4-H Shooting Sports Camp celebrates 20 years

by kentucky4h

Image

 

4-H Shooting Sports Camp celebrates 20 years

By Katie Pratt

LEXINGTON, Ky., (April 1, 2013) – Twenty years ago, Marion and Judy Creech began a journey that is still fulfilling and energizing them today.

In the early 1990s, Marion Creech was among the 11 adult volunteers from Kentucky that became nationally certified instructors in 4-H Shooting Sports, a program that was just gaining traction across the state. During the national certification process, he and the other Kentucky participants decided to start a camp to teach young Kentuckians how to safely handle and maintain shooting equipment.

“It’s very safety oriented, and it’s been a total success,” said Creech, who is the state coordinator for the 4-H Shooting Sports Education Program, which includes camp.

His wife, Judy, also has been involved since the beginning as a member of the camp’s planning committee and currently is a nationally certified coordinator and instructor for the camp. She is a program assistant for 4-H youth development in Nelson County with the University of Kentucky Cooperative Extension Service.

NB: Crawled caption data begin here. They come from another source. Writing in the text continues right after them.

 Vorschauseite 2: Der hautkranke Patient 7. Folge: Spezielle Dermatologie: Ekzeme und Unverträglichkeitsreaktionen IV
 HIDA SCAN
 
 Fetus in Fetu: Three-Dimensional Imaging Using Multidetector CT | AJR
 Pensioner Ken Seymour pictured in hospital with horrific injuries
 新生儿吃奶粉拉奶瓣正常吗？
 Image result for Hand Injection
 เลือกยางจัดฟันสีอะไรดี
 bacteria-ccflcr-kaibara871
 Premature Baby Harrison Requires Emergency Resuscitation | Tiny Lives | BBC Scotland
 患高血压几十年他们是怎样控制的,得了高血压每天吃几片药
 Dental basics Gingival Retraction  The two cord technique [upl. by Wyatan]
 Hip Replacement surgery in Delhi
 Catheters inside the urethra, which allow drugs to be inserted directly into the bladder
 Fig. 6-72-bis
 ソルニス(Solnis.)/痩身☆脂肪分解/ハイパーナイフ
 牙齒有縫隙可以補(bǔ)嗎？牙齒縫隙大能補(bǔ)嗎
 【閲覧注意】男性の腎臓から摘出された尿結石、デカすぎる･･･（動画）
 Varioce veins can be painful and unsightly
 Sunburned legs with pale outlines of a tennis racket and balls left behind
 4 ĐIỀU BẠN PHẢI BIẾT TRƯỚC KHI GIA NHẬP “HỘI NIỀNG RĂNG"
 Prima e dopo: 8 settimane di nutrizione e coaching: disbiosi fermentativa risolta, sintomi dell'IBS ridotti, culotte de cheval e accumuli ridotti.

At camp, 4-H’ers learn proper safety measures in each of the program’s six disciplines: rifle, pistol, trap, black powder, archery and hunter challenge. Young people who do not have their hunter education card from Kentucky Department of Fish and Wildlife Resources take classes during camp to receive certification. The card is a requirement to obtain a hunting license once young people reach a certain age. Those who have their cards go to classes focusing on appreciation of the outdoors and the environment

“The camp provides a fun, hands-on learning opportunity in an outdoor setting where our youth learn about how to responsibly and safely use firearms and archery equipment,” said Donna Fox, 4-H youth development specialist for camping and shooting sports.

Marion Creech said 50 campers attended the first camp in 1993. Today, the camp accepts 120 campers and quickly reaches capacity. Safety is the top priority with a 1-to-5, adult-to-camper ratio.

“We stress safety at 4-H Shooting Sports Camp,” said Tony Rose, camp coordinator and Adair County agent for 4-H youth development. “We tell the campers that this isn’t something you horse around with— that will get you sent home in a hurry.”

Without faithful and enthusiastic volunteers like the Creeches, the camp wouldn’t happen, Rose said.

“They run the ranges and teach the classes,” he said.

Judy Creech said the young people and the kinship they’ve developed within the shooting sports community have kept her and her husband involved with the program.

“It’s been the experience of a lifetime,” she said. “There’s a bond between shooting sports enthusiasts that can’t be explained. It’s a very special group of people. The children who went to camp stay with it as adult volunteers, and now their kids are interested.”